__DIRECTIONS__: Reproduce exactly the lines from the top of the records below through the line holding "Today and Tomorrow".
--- START ---
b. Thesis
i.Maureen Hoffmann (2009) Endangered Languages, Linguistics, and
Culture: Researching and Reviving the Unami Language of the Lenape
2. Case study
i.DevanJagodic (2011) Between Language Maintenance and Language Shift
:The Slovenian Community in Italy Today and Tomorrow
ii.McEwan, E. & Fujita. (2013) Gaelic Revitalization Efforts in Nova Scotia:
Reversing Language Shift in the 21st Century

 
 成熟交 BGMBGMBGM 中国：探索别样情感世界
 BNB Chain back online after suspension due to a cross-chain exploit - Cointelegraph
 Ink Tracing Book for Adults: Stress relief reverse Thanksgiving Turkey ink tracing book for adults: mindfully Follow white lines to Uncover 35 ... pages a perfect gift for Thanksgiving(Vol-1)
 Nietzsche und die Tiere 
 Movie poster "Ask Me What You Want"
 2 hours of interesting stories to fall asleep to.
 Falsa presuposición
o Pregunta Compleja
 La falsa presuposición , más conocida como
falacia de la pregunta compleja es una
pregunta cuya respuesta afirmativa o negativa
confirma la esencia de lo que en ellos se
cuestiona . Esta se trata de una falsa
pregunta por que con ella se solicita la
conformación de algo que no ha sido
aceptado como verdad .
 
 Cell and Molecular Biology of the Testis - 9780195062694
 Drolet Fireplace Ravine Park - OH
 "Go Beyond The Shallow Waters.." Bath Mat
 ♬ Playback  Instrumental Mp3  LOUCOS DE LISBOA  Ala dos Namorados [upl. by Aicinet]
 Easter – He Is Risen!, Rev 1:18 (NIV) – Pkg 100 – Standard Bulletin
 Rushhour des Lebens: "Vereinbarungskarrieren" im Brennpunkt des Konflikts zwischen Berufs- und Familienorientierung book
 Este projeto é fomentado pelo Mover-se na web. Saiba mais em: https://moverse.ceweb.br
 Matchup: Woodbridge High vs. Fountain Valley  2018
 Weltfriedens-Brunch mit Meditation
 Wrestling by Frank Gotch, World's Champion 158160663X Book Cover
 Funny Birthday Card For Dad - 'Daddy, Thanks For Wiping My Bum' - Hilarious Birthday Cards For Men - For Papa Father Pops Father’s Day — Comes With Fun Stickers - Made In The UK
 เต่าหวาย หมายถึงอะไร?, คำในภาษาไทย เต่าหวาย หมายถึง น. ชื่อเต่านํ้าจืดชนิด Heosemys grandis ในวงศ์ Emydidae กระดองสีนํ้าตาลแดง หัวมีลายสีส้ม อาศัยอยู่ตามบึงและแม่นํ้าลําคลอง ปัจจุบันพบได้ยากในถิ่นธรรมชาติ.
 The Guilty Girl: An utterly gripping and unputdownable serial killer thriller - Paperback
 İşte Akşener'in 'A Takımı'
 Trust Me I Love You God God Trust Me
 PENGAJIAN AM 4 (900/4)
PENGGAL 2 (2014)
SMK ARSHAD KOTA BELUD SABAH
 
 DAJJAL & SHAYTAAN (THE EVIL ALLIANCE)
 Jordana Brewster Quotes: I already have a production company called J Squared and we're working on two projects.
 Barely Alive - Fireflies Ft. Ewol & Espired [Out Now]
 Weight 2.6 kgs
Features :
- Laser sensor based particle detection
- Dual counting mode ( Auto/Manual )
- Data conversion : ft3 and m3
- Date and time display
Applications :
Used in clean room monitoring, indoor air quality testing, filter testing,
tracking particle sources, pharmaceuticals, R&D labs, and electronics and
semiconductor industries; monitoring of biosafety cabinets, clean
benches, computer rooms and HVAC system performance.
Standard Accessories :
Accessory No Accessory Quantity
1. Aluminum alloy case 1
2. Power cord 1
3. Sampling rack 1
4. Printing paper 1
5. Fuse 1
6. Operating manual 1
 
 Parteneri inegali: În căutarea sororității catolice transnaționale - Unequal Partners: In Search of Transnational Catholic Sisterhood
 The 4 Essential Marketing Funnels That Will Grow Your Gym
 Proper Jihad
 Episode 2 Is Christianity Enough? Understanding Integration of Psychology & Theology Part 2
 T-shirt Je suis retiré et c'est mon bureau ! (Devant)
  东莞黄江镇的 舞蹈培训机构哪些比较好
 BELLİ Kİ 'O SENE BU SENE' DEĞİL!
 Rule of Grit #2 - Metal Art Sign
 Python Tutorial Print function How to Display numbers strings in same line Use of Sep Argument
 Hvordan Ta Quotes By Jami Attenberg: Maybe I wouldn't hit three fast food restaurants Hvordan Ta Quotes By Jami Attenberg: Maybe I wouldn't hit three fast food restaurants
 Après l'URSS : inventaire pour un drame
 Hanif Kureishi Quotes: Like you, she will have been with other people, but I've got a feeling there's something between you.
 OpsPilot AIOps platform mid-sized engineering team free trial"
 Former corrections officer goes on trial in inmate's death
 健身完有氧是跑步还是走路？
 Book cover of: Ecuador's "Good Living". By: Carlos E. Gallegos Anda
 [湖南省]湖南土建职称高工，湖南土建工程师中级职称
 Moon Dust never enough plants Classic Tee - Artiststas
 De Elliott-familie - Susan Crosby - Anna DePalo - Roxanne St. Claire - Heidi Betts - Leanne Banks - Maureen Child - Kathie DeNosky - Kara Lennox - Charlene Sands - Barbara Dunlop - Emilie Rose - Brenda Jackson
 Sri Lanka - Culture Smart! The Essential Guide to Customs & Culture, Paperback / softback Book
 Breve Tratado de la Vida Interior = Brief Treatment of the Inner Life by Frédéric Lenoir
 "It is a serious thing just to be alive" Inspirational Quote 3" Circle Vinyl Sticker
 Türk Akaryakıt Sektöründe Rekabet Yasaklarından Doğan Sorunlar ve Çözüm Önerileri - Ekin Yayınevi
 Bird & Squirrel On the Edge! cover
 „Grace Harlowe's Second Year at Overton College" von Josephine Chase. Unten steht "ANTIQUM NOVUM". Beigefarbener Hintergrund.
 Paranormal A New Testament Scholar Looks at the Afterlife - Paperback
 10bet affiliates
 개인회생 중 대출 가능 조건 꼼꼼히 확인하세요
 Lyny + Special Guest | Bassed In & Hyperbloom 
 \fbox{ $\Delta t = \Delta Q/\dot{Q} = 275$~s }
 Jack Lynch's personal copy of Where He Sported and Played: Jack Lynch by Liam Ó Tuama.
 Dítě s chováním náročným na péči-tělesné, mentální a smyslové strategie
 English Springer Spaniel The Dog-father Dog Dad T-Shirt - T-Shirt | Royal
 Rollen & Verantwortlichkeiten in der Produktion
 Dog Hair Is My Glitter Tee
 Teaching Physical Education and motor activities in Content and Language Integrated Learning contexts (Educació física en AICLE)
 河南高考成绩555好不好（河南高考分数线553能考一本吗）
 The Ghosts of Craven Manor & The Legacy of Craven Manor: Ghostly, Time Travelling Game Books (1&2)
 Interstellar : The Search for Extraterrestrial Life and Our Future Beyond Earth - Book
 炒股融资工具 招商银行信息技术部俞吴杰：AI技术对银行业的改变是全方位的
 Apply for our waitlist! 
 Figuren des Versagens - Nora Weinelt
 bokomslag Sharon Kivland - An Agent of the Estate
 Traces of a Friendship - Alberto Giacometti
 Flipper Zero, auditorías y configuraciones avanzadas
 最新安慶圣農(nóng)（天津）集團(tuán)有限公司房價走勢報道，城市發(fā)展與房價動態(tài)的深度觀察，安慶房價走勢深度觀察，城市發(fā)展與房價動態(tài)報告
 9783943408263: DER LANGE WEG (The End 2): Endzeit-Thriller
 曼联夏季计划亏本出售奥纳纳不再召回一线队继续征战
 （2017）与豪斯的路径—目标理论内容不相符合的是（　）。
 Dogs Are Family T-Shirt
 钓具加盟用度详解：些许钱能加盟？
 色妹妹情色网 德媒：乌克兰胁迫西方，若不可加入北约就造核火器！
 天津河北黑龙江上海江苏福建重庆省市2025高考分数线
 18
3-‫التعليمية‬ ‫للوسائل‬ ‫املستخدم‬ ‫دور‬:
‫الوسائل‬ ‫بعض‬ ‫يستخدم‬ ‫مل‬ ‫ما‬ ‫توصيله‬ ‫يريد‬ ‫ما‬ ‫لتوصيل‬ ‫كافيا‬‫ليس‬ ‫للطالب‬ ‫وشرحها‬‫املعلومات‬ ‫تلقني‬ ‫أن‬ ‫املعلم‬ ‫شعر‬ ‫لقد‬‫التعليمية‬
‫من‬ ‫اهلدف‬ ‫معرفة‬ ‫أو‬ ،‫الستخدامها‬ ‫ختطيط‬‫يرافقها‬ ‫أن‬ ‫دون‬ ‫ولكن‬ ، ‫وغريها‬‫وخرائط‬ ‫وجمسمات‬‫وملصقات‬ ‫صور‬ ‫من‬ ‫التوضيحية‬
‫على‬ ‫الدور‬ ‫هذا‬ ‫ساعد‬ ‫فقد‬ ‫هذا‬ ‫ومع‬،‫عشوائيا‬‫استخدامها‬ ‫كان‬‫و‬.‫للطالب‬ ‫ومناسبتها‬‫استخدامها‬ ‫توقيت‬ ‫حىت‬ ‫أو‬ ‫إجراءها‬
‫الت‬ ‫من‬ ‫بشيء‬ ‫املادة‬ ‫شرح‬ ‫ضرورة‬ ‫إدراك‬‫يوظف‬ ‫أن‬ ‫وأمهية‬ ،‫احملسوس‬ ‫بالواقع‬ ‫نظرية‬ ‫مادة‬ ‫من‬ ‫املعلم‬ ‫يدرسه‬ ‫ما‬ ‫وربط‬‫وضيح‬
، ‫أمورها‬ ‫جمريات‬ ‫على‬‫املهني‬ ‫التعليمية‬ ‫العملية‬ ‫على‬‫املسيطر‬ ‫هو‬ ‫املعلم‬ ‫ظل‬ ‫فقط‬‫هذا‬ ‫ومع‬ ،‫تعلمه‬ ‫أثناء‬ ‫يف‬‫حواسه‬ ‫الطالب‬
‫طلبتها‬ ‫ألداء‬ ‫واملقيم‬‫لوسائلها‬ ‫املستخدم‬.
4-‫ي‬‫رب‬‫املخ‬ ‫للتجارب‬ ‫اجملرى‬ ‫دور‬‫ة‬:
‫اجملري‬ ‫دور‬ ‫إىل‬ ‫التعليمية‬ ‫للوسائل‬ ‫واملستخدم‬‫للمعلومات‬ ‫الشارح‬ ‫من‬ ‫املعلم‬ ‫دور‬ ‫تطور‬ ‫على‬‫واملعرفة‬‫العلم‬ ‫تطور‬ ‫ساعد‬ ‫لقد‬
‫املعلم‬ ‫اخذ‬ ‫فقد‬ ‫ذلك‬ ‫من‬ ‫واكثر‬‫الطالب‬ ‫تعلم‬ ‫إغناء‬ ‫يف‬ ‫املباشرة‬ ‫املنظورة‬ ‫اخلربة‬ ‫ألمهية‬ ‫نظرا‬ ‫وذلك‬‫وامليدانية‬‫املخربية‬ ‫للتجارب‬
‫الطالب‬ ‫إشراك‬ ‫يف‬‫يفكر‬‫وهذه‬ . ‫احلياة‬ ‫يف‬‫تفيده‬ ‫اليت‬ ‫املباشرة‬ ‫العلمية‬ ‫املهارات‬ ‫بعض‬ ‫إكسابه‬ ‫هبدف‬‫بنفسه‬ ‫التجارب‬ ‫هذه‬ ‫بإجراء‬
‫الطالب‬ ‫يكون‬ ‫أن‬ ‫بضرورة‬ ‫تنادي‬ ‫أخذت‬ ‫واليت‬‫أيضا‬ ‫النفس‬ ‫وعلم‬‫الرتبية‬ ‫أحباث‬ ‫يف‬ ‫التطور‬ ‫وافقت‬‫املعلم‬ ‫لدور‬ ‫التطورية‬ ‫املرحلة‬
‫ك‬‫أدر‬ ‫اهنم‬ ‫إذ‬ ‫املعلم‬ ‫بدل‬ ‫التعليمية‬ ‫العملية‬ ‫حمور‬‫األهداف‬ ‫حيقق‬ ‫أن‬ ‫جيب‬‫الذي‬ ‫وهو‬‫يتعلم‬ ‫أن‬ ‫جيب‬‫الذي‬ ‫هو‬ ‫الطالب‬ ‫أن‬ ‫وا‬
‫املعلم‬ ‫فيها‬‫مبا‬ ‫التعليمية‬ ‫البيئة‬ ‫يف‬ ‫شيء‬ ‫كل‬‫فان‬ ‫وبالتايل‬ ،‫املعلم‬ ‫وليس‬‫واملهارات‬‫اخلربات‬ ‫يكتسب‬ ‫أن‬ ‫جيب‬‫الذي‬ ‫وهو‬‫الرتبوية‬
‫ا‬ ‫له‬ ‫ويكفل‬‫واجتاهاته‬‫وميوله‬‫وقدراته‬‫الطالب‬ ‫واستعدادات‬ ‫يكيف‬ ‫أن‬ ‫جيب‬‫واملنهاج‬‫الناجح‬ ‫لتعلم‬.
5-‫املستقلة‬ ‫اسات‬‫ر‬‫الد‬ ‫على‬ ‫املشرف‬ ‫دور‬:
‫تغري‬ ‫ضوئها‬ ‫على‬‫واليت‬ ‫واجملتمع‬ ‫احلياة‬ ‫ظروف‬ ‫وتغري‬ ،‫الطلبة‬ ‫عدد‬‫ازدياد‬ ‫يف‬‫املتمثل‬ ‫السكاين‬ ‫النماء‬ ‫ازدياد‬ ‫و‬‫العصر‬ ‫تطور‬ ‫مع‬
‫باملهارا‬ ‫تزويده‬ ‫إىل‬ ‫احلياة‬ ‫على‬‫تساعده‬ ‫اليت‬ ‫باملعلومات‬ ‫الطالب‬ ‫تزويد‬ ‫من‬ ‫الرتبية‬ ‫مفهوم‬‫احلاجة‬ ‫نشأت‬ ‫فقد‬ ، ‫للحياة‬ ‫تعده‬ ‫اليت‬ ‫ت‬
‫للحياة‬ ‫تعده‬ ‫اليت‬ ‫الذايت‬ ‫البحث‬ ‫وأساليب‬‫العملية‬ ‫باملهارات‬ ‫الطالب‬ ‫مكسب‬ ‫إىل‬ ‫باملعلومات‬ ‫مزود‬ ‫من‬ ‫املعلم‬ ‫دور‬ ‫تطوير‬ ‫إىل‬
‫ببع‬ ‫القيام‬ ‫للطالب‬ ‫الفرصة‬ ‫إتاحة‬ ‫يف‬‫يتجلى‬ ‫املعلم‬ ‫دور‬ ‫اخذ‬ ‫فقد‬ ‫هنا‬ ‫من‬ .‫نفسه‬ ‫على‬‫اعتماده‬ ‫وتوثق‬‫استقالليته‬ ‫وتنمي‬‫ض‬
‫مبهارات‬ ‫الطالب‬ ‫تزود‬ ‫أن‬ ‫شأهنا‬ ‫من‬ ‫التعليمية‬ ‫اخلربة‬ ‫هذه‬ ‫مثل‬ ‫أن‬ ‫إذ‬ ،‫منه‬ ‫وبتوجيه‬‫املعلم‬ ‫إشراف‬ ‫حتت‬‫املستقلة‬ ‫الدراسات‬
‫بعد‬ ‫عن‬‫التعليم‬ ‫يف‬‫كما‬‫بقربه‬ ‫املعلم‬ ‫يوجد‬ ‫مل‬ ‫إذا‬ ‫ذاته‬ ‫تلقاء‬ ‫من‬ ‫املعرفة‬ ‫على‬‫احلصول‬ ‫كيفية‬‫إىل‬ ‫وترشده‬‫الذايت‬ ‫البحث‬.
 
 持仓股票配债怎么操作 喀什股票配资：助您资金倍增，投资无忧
--- END ---
__EXPECTED ANSWER__:
b. Thesis
i.Maureen Hoffmann (2009) Endangered Languages, Linguistics, and
Culture: Researching and Reviving the Unami Language of the Lenape
2. Case study
i.DevanJagodic (2011) Between Language Maintenance and Language Shift
:The Slovenian Community in Italy Today and Tomorrow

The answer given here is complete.